Ar⁵ is the same as Ar¹ or Are described above. Preferred is a substituted or unsubstituted aromatic hydrocarbon group having 6 to 18 carbon atoms, or a substituted or unsubstituted linked aromatic group in which two to three of the aromatic hydrocarbon groups are linked to each other, and more preferred is an unsubstituted aromatic hydrocarbon group having 6 to 12 carbon atoms, or a substituted or unsubstituted linked aromatic group in which two to three of the aromatic hydrocarbon groups are linked to each other.

Specific examples of the unsubstituted aromatic hydrocarbon group having 6 to 18 carbon atoms, the unsubstituted aromatic heterocyclic group having 3 to 18 carbon atoms, or the linked aromatic group in which two to five of these aromatic rings are linked to each other include a group generated by removing one hydrogen from benzene, naphthalene, acenaphthene, acenaphthylene, azulene, anthracene, chrysene, pyrene, phenanthrene, fluorene, triphenylene, pyridine, pyrimidine, triazine, thiophene, isothiazole, thiazole, pyridazine, pyrrole, pyrazole, imidazole, triazole, thiadiazole, pyrazine, furan, isoxazole, quinoline, isoquinoline, quinoxaline, quinazoline, thiadiazole, phthalazine, tetrazole, indole, benzofuran, benzothiophene, benzoxazole, benzothiazole, indazole, benzimidazole, benzotriazole, benzisothiazole, benzothiadiazole, purine, pyranone, coumarin, isocoumarin, chromone, dibenzoselenophene, dibenzofuran, benzofuropyridine, benzofuropyrimidine, dibenzothiophene, benzothienopyridine, benzothienopyrimidine, carbazone, pyridoindole, indolocarbazole, benzofurocarbazone, benzothienocarbazone, or compounds in which two to five of these are linked to each other. Preferred examples thereof include a group generated by removing one hydrogen from benzene, naphthalene, phenanthrene, fluorene, triphenylene, dibenzofuran, benzofuropyridine, benzofuropyrimidine, dibenzothiophene, benzothienopyridine, benzothienopyrimidine, carbazone, pyridoindole, indolocarbazole, benzofurocarbazone, benzothienocarbazone, or compounds in which two to three of these are linked to each other. More preferred examples thereof include a group generated by removing one hydrogen from benzene, dibenzofuran, dibenzothiophene, carbazone, or compounds in which two to three of these are linked to each other.

R³ and R⁴ each independently represent deuterium, an aliphatic hydrocarbon group having 1 to 10 carbon atoms, a substituted or unsubstituted aromatic hydrocarbon group having 6 to 18 carbon atoms, or a substituted or unsubstituted aromatic heterocyclic group having 3 to 17 carbon atoms. Preferred is a substituted or unsubstituted aromatic hydrocarbon group having 6 to 18 carbon atoms, and more preferred is a substituted or unsubstituted aromatic hydrocarbon group having 6 to 12 carbon atoms.

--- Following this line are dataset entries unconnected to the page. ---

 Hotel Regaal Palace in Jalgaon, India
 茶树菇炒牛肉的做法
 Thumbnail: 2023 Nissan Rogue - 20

R⁵ and R⁶ each independently represent hydrogen, an aliphatic hydrocarbon group having 1 to 10 carbon atoms, a substituted or unsubstituted aromatic hydrocarbon group having 6 to 18 carbon atoms, or a substituted or unsubstituted aromatic heterocyclic group having 3 to 17 carbon atoms, and these groups may be bound to each other to form a ring.

In the case of R³ to R⁶ being an unsubstituted aliphatic hydrocarbon group, aromatic hydrocarbon group, or aromatic heterocyclic group, specific examples are the same as in the case of R¹ and R². Preferred examples include benzene, naphthalene, acenaphthene, acenaphthylene, azulene, anthracene, chrysene, pyrene, phenanthrene, fluorene, or triphenylene. More preferred is benzene.

d, e and g represent an integer of 0 to 4, and f represents an integer of 0 to 2. Preferably, d, e and g represent an integer of 0 to 2, and f represents an integer of 0 to 1. More preferably, all d, e, f, and g represent 0.

Specific examples of the compounds represented by the general formula (2) are shown below, but are not limited to these exemplified compounds.

The organic EL device of the present invention has an organic layer, and at least one organic layer is a light-emitting layer. At least one light-emitting layer contains the first host and the second host, and at least one light-emitting dopant.

An excellent method as the method for producing the organic EL device of the present invention is a method comprising providing a premixture (premixed composition) comprising the first host and the second host and producing a light-emitting layer by use of the premixture. A preferred method comprises vapor-depositing the premixture by vaporization from a single evaporation source. Herein, the premixture is suitably a uniform composition.

The difference in 50% weight reduction temperatures of the first host and the second host in the premixture is effectively within 20° C. in order to uniform vapor deposition.

The first host and the second host can be used by vapor deposition from different individual vapor deposition sources, but the light-emitting layer is preferably formed by obtaining a premixture by premixing before vapor deposition to prepare a premixture and vapor-depositing the premixture simultaneously from one vapor deposition source. In this case, the premixture may be mixed with a light-emitting dopant material necessary for formation of a light-emitting layer, or another host to be used as necessary. However, when there is a large difference in temperatures to provide desired vapor pressure, vapor deposition may be performed from another vapor deposition source.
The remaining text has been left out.